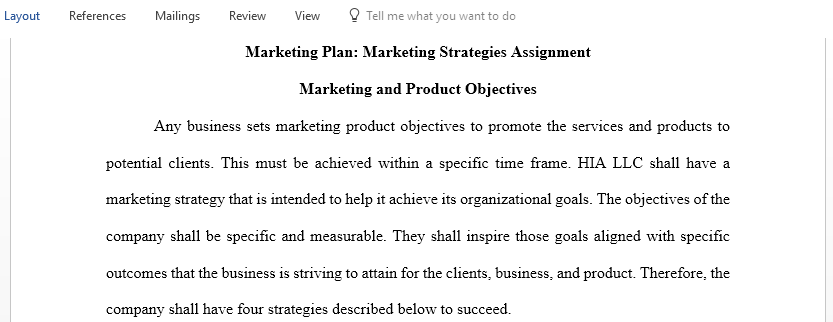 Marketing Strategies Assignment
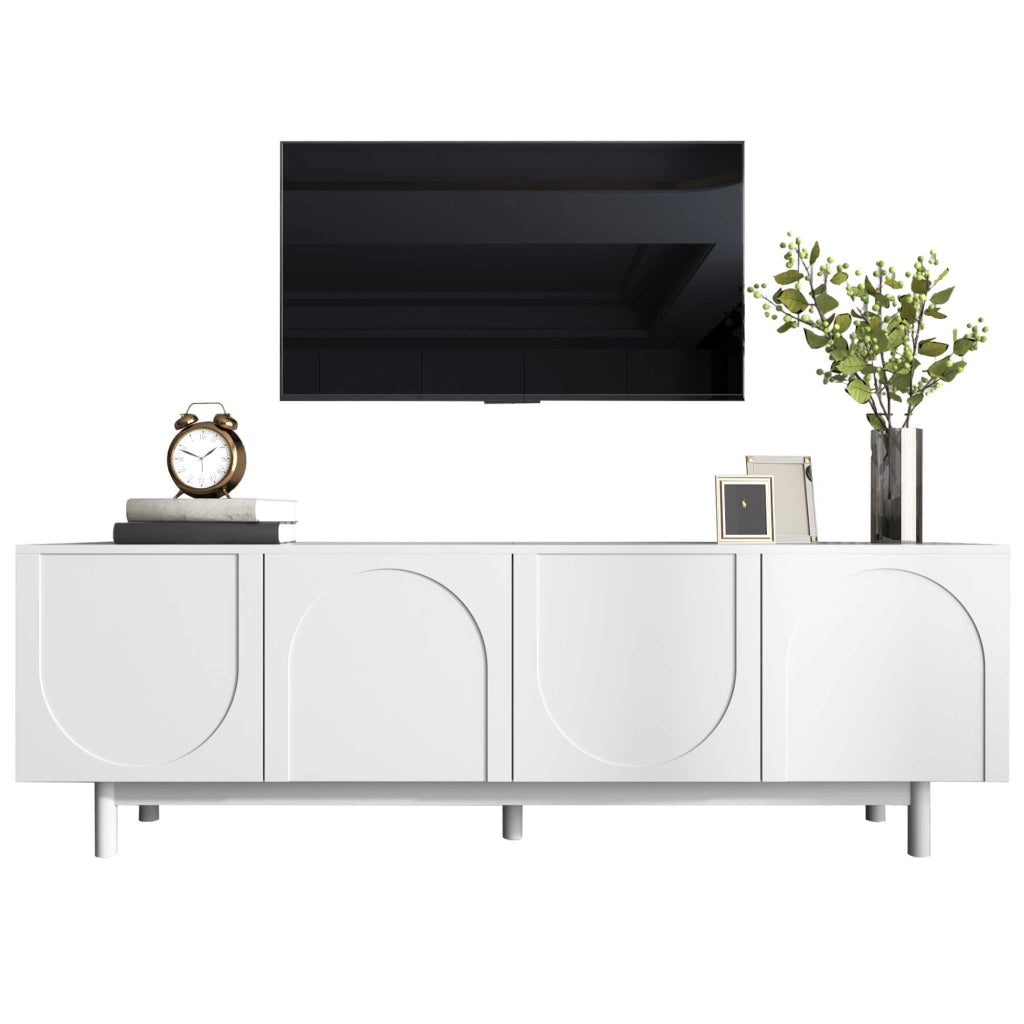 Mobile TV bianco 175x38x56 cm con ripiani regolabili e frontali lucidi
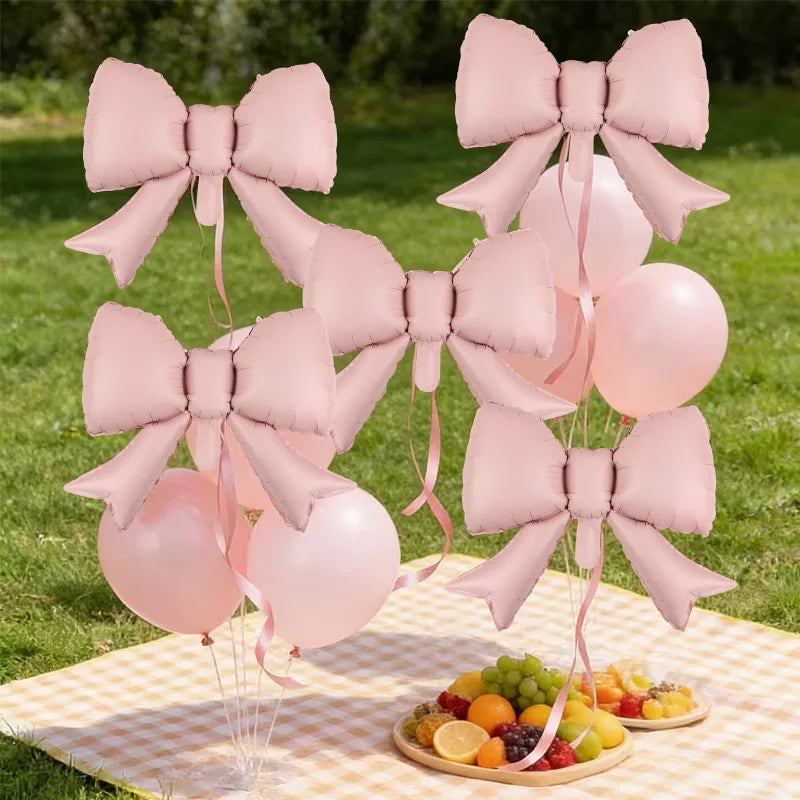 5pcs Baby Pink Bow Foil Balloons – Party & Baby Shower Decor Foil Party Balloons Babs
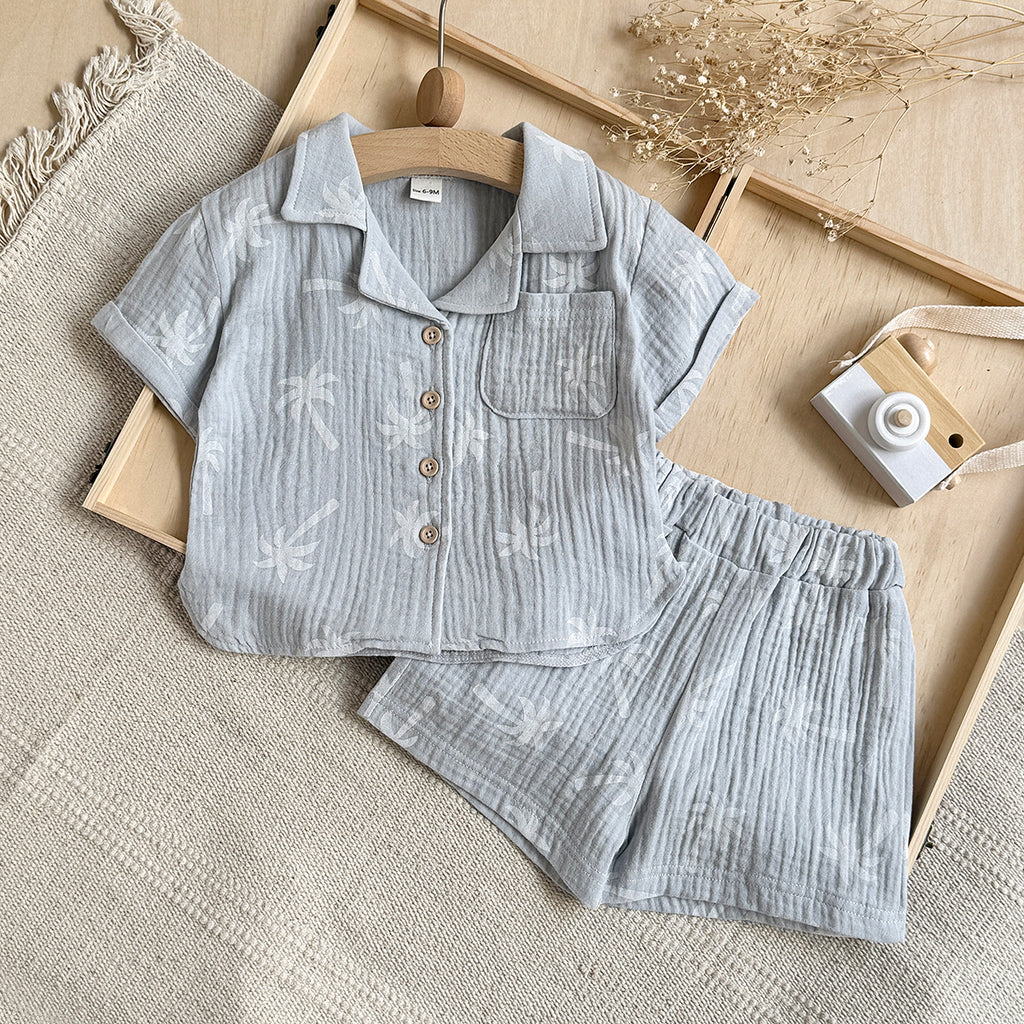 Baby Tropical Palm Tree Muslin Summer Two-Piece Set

──────────────────────────────

### ABOUT THIS EXERCISE
Pictures do not go in the copy. Write out exactly the lines from the line containing "Mobile TV bianco" through the last line of the listing.

### TASK SOLUTION
 Mobile TV bianco 175x38x56 cm con ripiani regolabili e frontali lucidi
 5pcs Baby Pink Bow Foil Balloons – Party & Baby Shower Decor Foil Party Balloons Babs
 Baby Tropical Palm Tree Muslin Summer Two-Piece Set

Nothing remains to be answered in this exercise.